This project analyzes weekly transaction data from Fresco Supermarket, one of the UK’s largest grocery retailers. The aim is to identify patterns and predictors of customer basket value, classifying shoppers as either Low Spenders (£50 or less per basket) or High Spenders (over £50), using a range of business analytics tools.
- Source: Fresco Supermarket Loyalty Cardholder Weekly Data (26-week period)
- Sample: Randomly selected loyalty cardholders across three channels: convenience stores, superstores, and online platform
- Variables:
- Gender: Customer gender (Male/Female)
- Age: Customer age in years
- Store_Type: Type of store (Convenience, Superstore, Online)
- Shopping_Frequency: Number of shopping visits per week
- Basket_Value: Total basket spend (£)
- Basket_Consistency: Predominant product type (e.g., Value, Brand, Fresco Top)

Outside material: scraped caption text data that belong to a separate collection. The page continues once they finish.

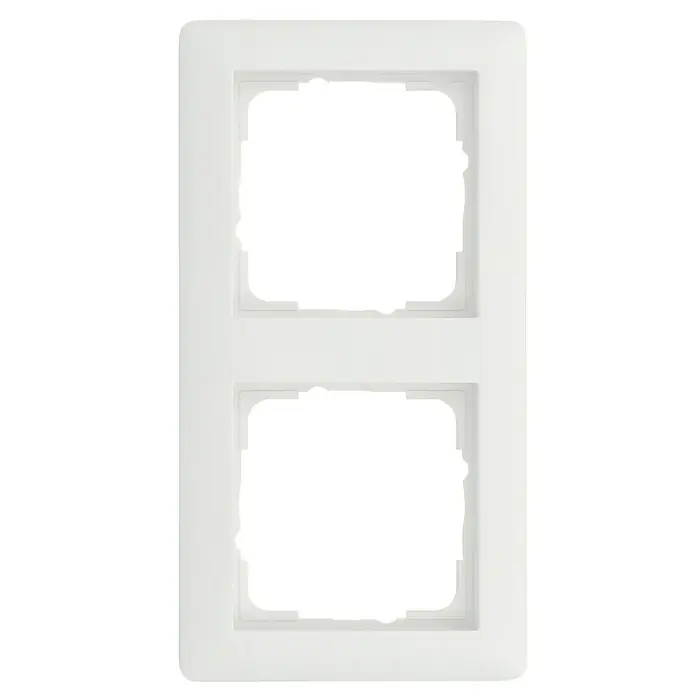 Gira Standard 55 Abdeckrahmen 021204 - Reinweiß seidenmatt, 2-fach, Kunststoff, Vertikal - Weiße Doppelrahmenabdeckung mit zwei rechteckigen Aussparungen für modulare Geräteeinsätze, ideal für moderne Elektroinstallationen.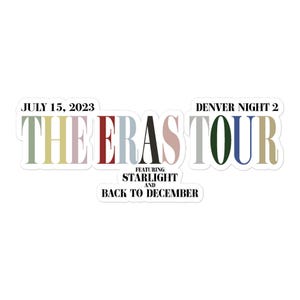 The Eras Tour July 15, 2023 Denver Night 2 Acoustic Set Souvenir Merchandise Kiss-Cut Stickers
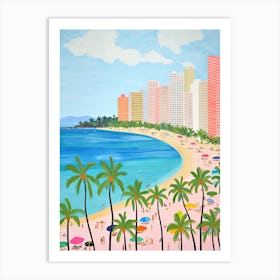 Waikiki Beach, Honolulu, Hawaii, Matisse And Rousseau Style 2 Art Print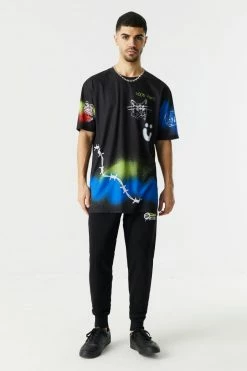 Mens Spray Paint Doodles Print Graphic T-Shirt Tops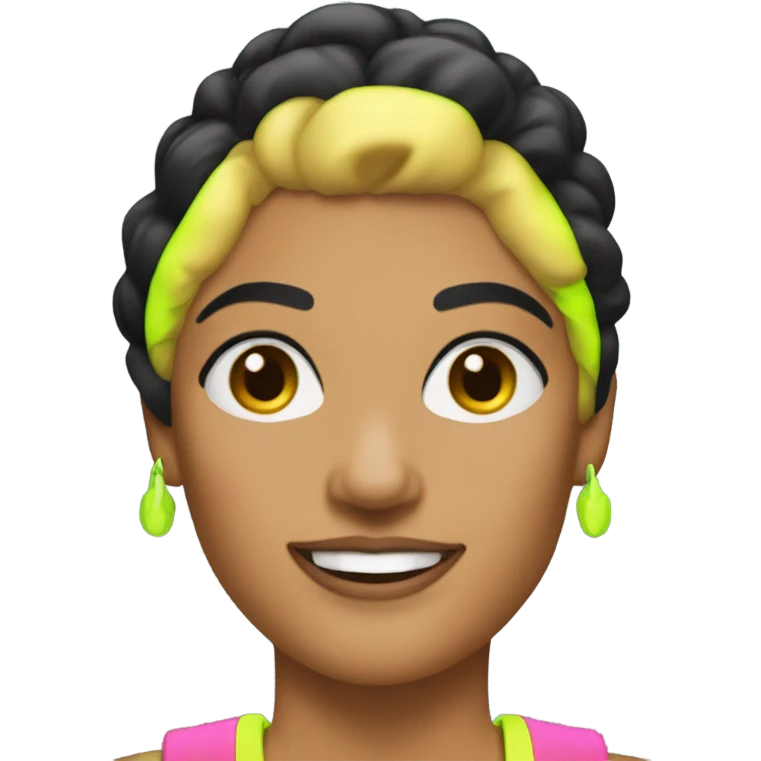 Tanned woman with black hair dressed in 1980s fitness hair, makeup, and neon attire  emoji
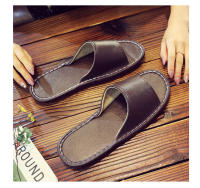 Casa antideslizante fondo suave salón de belleza piso de madera interior color sólido zapatillas de cuero para hombres y mujeres - details 2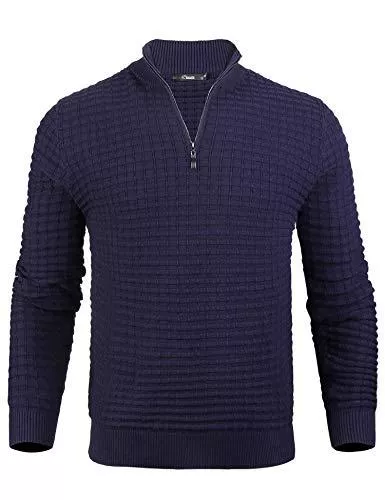 iClosam Pullover & Strickmode iClosam Herren Strickpullover Regular Fit Strick Pullover Mit Stehkragen Und Reißverschluss Größe in S ~ XXXXL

- HighSpender: Target binary variable: 1 = High Spender (>£50), 0 = Low Spender (≤£50)
- File:
Portfolio-Task-1-Short Data_Fresco1.xlsx
- Classify Fresco customers as Low or High Spenders based on demographic and behavioural data.
- Identify key predictors of high-value spending for targeted marketing.
- Explored and cleaned the dataset for analysis.
- Applied logistic regression to predict HighSpender status.
- Evaluated model performance using accuracy, R², and classification tables.
-
Classification Accuracy: The model correctly classified 94.7% of all customers.
-
Model Fit: Strong model fit (Nagelkerke R² = 0.873).
-
Statistical Significance: The model is highly significant (Omnibus test, p < 0.001).
- Target high-frequency shoppers and customers with consistent preferences for premium (Fresco Top) or branded products for upselling and loyalty campaigns.
- Utilize customer age and store type in segment-specific promotions.
- Monitor shopping frequency as a key predictor of spending behaviour.
- Loaded dataset from Excel (
Portfolio-Task-1-Short Data_Fresco1.xlsx
). - Inspected for missing values and outliers. Minimal cleaning was required; outliers in basket value were retained to preserve spend variation.
- Engineered
HighSpender
as the binary target variable (1 if Basket_Value > £50; else 0).
- Logistic regression was chosen for its interpretability and suitability for binary outcomes.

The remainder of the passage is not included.